Crowley Lake, owned and built by Los Angeles Department of Water and Power, feeds the main Los Angeles Aqueduct, providing drinking water to the residents of four regions in southern California. The newly-filled lake reaches a depth of 114 feet and covers approximately 5,300 acres in Mono County. As is fitting for a major new lake in the arid Eastern Sierras, the lake is managed for both fishing and other recreational uses. Its convenient location off of US 395 south of Mono Lake guarantees a large number of visitors each year to appreciate its charms. The lake was named after Father Crowley, the ‘desert padre’ who is something of a local hero in the Owens Valley residents’ battles over water rights.
As a major water supply serving millions of people, access to Lake Crowley (as it is also called) is tightly controlled. That doesn’t mean it’s hard to use; one concessionaire controls access to the lake and charges admission fees. The Crowley Lake Fish Camp, as the facility is called, also offers boat rental for smaller fishing boats and larger pontoon rentals to families and groups. The full-service marina offers fuel, repairs and rental dock space for long-term rental, a tackle shop, cafe and convenience store. A few full-service RV spaces are rented as are a few dry camping sites on the water and two fully-furnished cabins by reservation only.
Ample parking for private boat owners and their boat trailers is provided at Crowley Lake, along with boat storage during the off-season. Private watercraft must be inspected for invasive species before launching, particularly quagga mussels, a service offered free at the boat ramp. The lake is officially open between the end of April and the end of October. Only 13 miles south of Mammoth Lakes, Lake Crowley welcomes visitors during the warm summer months to water ski, wake board, kite-surf, kayak and stand-up paddleboard.
Trout fishing is one of the major draws to Crowley Lake, with rainbow trout, brown trout and cutthroat trout all caught. Perch are another popular fishing target; their young are a major food source for the trout which grow to excellent size. Two trout seasons exist at the lake, with early summer fishing allowing baits. The creel limit is two trout, both of which must be over 18 inches long. After the end of July, all fishing must be done with artificial lures and barbless hooks only. Fly fishing is always popular, particularly near the several inlets to the reservoir.
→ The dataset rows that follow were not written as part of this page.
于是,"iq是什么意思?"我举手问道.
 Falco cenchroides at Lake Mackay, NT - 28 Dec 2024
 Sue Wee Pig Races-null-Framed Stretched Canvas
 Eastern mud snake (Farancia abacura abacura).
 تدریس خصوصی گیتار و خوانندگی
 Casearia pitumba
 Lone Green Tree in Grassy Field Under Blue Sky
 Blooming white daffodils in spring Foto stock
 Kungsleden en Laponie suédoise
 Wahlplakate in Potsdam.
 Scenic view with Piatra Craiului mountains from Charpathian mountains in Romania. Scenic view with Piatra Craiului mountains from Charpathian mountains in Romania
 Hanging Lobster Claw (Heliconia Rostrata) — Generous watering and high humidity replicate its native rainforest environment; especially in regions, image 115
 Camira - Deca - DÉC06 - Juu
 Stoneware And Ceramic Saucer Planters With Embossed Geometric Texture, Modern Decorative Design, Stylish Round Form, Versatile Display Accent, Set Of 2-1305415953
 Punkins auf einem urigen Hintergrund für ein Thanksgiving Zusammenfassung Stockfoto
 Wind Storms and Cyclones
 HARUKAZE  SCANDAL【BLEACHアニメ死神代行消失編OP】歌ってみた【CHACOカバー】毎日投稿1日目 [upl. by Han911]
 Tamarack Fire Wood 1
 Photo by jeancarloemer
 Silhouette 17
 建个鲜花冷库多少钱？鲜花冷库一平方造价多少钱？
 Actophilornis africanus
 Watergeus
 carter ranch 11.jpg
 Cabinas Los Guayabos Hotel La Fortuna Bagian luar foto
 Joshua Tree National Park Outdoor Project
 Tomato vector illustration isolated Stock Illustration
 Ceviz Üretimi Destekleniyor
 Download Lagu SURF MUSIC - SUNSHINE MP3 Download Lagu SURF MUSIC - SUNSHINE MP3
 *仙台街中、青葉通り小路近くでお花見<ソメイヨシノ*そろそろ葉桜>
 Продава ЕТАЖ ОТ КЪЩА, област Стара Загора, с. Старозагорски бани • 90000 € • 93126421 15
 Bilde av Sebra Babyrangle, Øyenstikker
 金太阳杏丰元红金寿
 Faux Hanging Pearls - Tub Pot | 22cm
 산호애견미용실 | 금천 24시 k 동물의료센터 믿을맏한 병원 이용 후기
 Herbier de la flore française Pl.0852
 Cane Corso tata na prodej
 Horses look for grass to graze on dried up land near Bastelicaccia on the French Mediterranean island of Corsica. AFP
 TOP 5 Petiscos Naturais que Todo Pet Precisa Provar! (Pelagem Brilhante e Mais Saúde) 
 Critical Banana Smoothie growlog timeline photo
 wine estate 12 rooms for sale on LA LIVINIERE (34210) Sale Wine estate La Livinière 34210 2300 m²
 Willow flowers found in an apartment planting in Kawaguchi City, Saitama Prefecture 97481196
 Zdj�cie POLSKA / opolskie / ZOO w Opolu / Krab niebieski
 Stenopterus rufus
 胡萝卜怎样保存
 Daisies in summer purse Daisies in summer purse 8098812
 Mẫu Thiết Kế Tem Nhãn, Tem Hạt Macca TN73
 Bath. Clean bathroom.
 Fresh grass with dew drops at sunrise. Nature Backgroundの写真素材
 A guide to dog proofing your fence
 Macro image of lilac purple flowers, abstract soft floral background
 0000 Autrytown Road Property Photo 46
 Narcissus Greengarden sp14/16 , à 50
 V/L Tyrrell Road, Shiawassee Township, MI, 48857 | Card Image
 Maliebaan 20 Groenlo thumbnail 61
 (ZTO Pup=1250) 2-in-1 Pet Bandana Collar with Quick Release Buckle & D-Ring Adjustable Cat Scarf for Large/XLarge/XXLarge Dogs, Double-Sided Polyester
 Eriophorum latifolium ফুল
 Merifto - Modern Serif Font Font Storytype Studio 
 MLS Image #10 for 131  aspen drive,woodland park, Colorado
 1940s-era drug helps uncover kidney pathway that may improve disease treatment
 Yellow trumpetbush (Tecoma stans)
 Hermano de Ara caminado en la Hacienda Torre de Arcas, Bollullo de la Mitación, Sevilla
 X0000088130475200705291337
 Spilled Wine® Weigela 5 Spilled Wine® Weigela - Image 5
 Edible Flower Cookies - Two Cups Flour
Several trout fishing competition events occur at the lake during the summer. Trout were originally stocked in the reservoir when it first filled in the 1940s, where they were found to grow exceptionally well. Several years of research showed the best times and varieties to stock for optimal angling experiences. The intervening years have created an excellent trout fishery in great demand with anglers. The trout fishing adds yet another popular recreational activity in the Mammoth Lakes area.
Although there is limited camping directly on Crowley Lake, other campgrounds and outdoor opportunities are numerous in the immediate vicinity. The Bureau of Land Management maintains a small campground across the highway from Lake Crowley, with great lake views and access via the concession docks. Other camping areas are available in the area, along with rustic resorts and cabins with a range of amenities. Several popular hiking trails have trailheads near the south end of Crowley Lake, including the popular eight-mile Lower Rock Creek Trail, famous as a difficult, ‘technical’ mountain biking trail. Other trails intersect the main trails.
The small town of Crowley Lake holds a grocery store and convenience foods and supplies, acting as headquarters for recreational visitors to the area. Horseback riding can be arranged in the immediate area. An outfitter who offers training in horseback packing invites a small number of experienced horsemen on the annual horse round-up and move to winter pastures. Limited amounts of real estate are available in the vicinity, and a few private vacation rentals can be arranged.
Crowley Lake’s history is a long saga of Los Angeles’ quest for water and the ranchers and farmers of Owens Valley fighting to protect their water rights. What is now the Los Angeles Department of Water and Power began diverting water from the Owens River in 1913, drying up natural Owens Lake in the process. Although court battles ensued, the needs of the growing metropolis soon prevailed, leaving Owens Lake a dry salty lakebed responsible for blowing alkaline dust that became a health hazard. The Water Department attempted to utilize the dry lakebed for water storage during wet seasons with disastrous results, and finally built the Long Valley Dam to contain the water while normalizing stream flow somewhat. In recent years, federal forces have declared the water of Crowley Lake to be impaired by nitrogen from agricultural run-off. That problem appears to have been solved, and LADWP floods the dry Owens Lake bed with enough water to minimize the dust storms.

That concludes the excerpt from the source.